* [PROBLEM DETAILS]
Exactly the lines from the start of the data below through the line that contains "LACOSTE CAMISETA BLANCA CUELLO RAYAS" are to be copied, with pictures left out.

* [Data extracted from a collection]
==*==
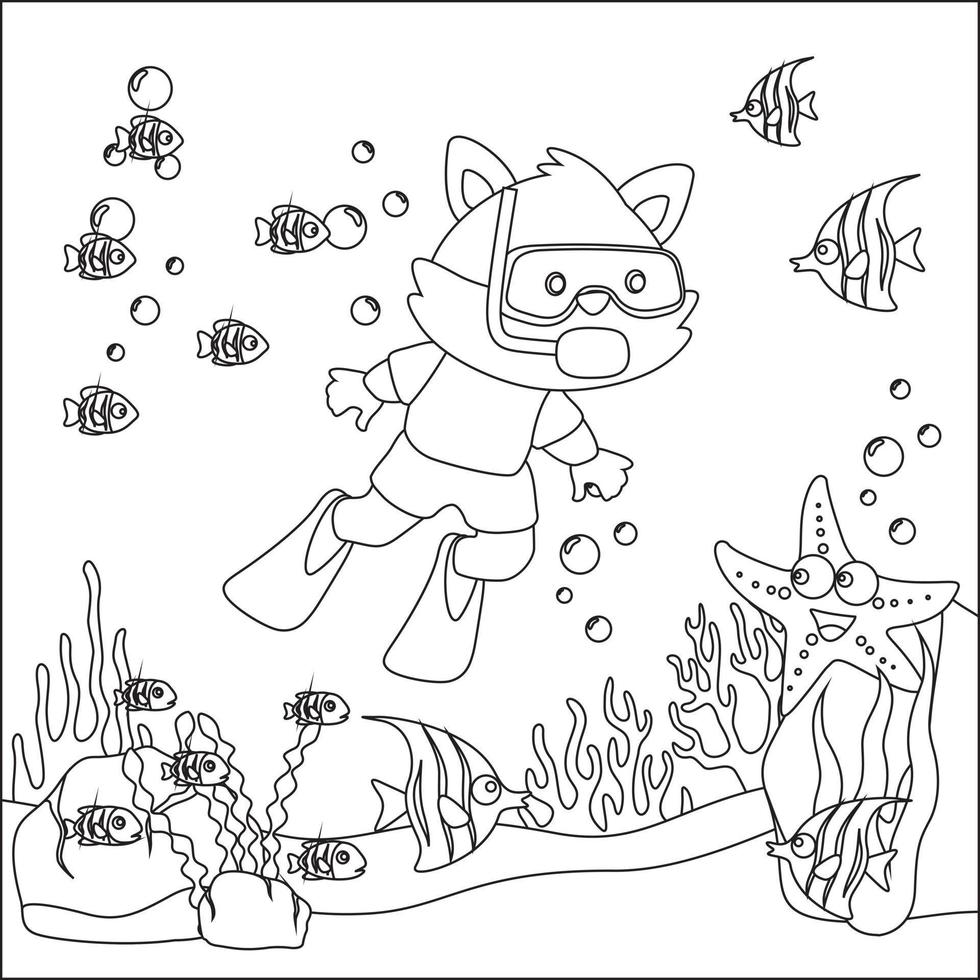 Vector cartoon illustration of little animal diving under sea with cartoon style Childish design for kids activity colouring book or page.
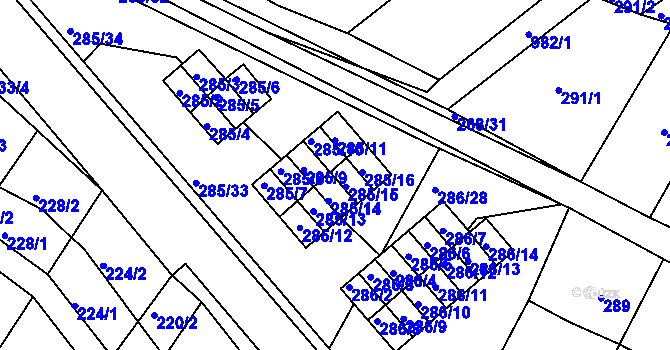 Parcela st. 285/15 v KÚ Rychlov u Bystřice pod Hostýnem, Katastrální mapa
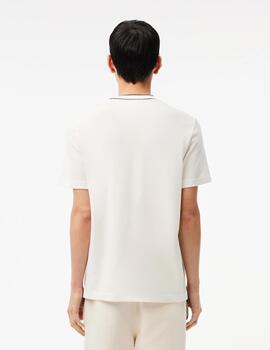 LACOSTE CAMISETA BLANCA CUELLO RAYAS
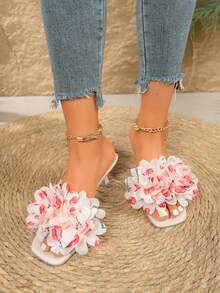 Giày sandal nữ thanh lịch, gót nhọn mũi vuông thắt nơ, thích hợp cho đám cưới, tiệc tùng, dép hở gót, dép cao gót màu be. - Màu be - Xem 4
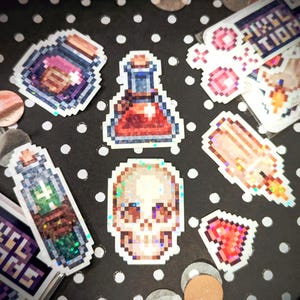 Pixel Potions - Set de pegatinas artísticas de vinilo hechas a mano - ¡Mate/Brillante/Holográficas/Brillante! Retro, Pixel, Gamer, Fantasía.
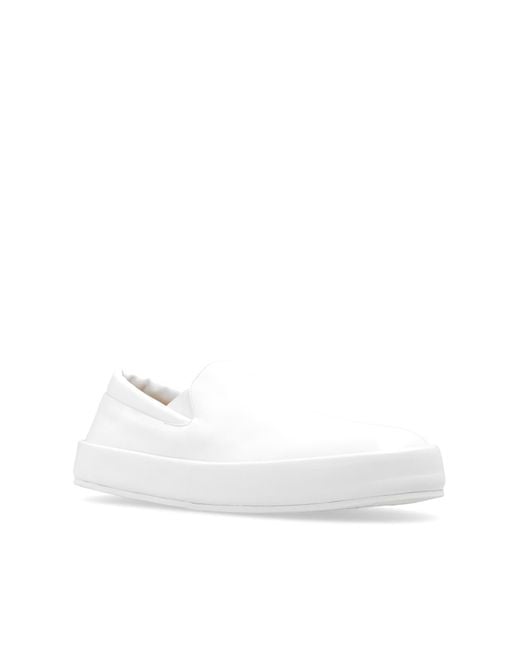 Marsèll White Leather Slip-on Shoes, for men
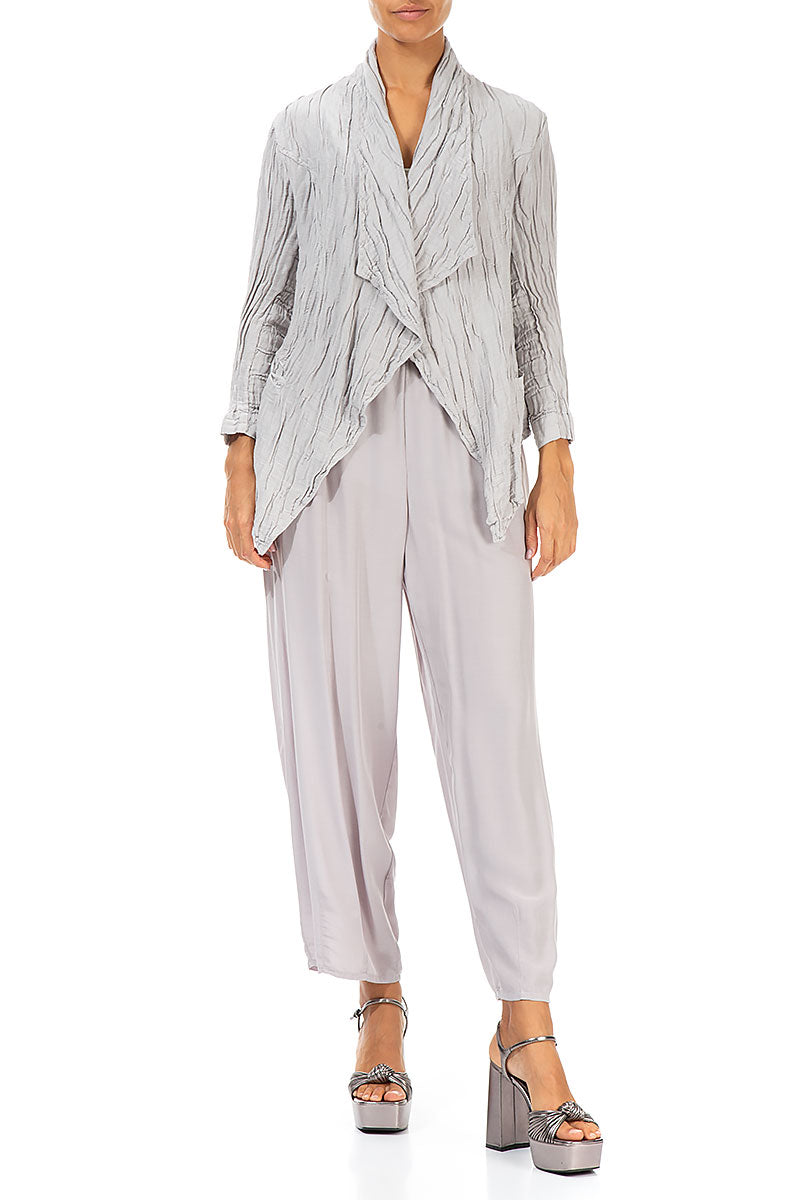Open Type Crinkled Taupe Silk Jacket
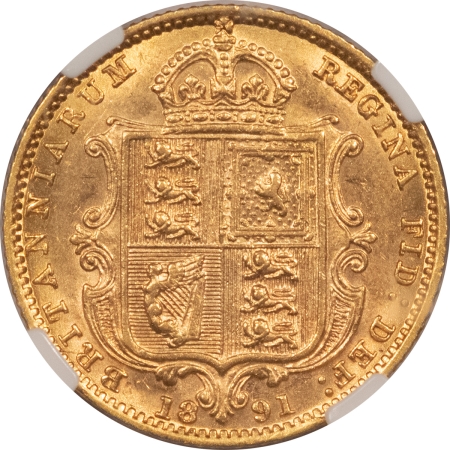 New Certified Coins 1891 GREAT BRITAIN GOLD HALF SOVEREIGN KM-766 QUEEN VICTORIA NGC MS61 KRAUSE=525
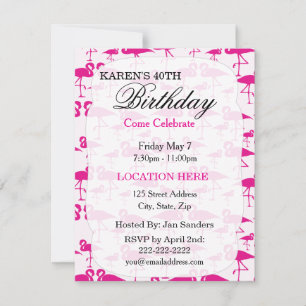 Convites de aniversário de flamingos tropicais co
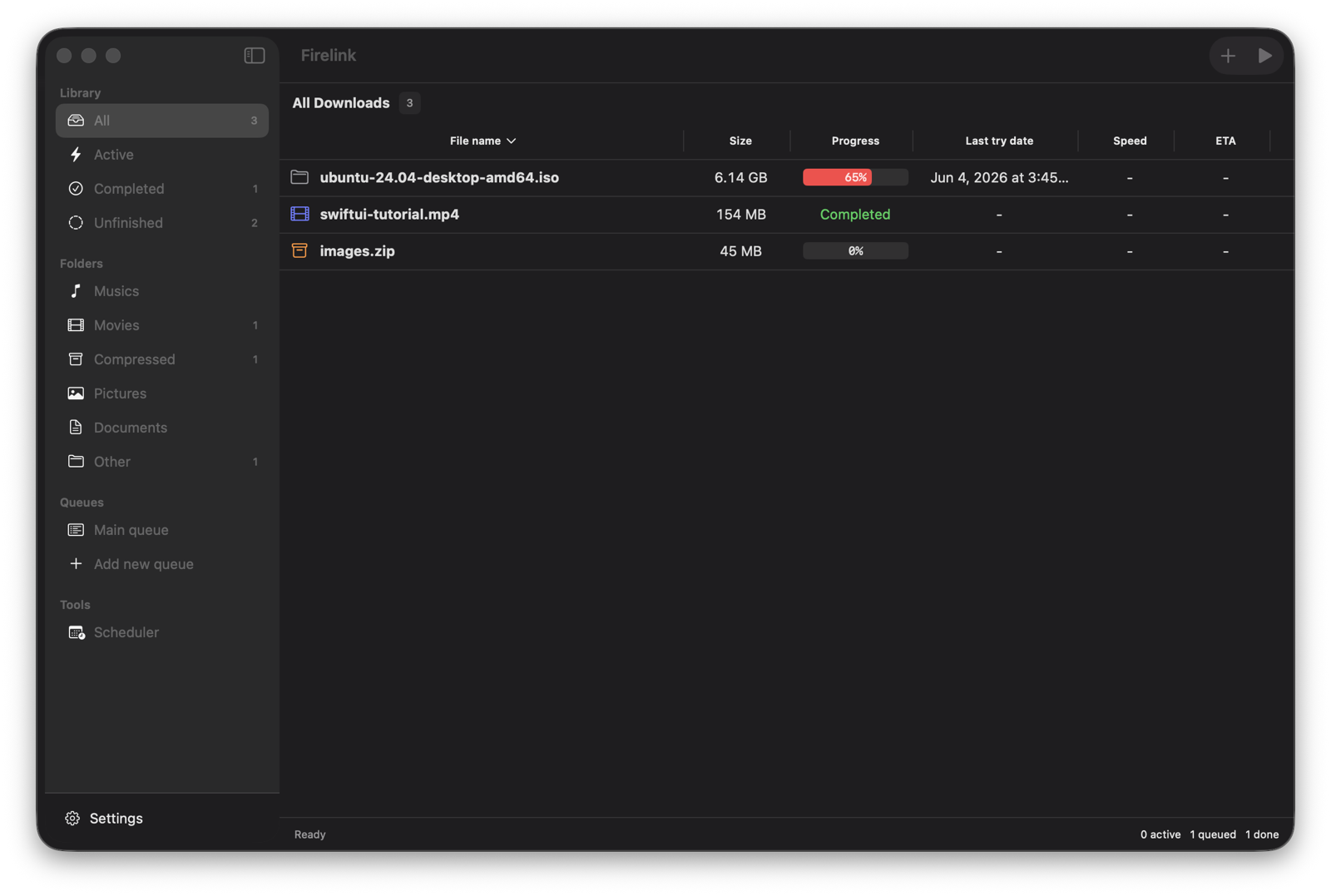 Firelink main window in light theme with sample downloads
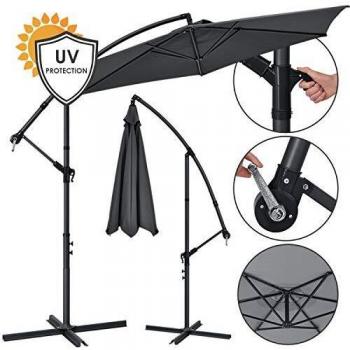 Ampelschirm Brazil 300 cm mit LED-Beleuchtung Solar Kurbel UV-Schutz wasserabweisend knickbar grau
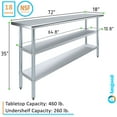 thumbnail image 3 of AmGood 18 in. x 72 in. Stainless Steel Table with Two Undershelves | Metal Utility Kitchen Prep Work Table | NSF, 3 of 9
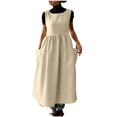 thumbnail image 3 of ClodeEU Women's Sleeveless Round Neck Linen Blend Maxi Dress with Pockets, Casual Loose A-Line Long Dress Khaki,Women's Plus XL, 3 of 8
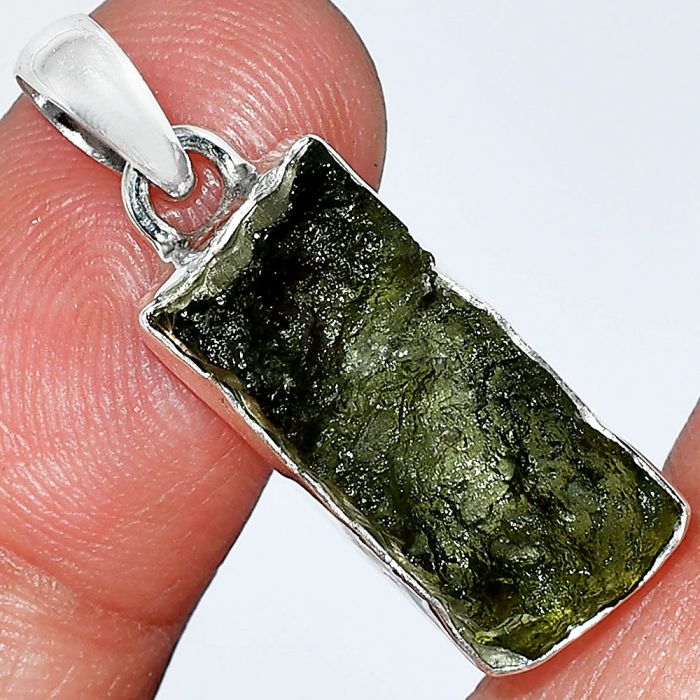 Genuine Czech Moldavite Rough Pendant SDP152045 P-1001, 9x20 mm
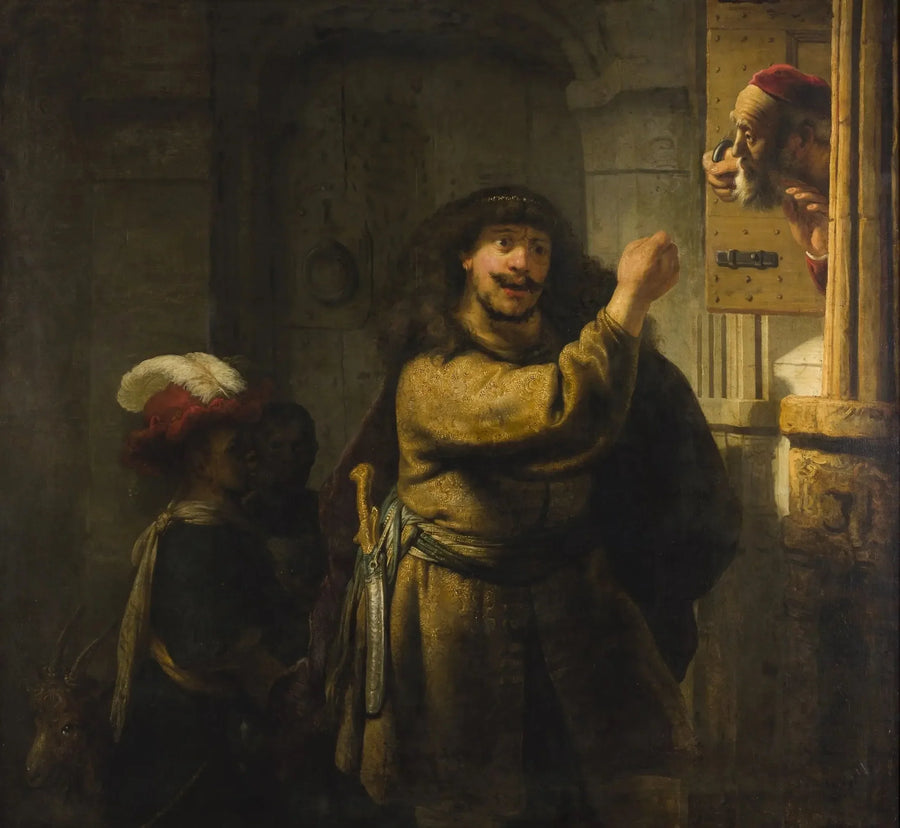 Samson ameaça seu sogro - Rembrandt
==*==
* [PROBLEM SOLUTION]
 Vector cartoon illustration of little animal diving under sea with cartoon style Childish design for kids activity colouring book or page.
 Parcela st. 285/15 v KÚ Rychlov u Bystřice pod Hostýnem, Katastrální mapa
 LACOSTE CAMISETA BLANCA CUELLO RAYAS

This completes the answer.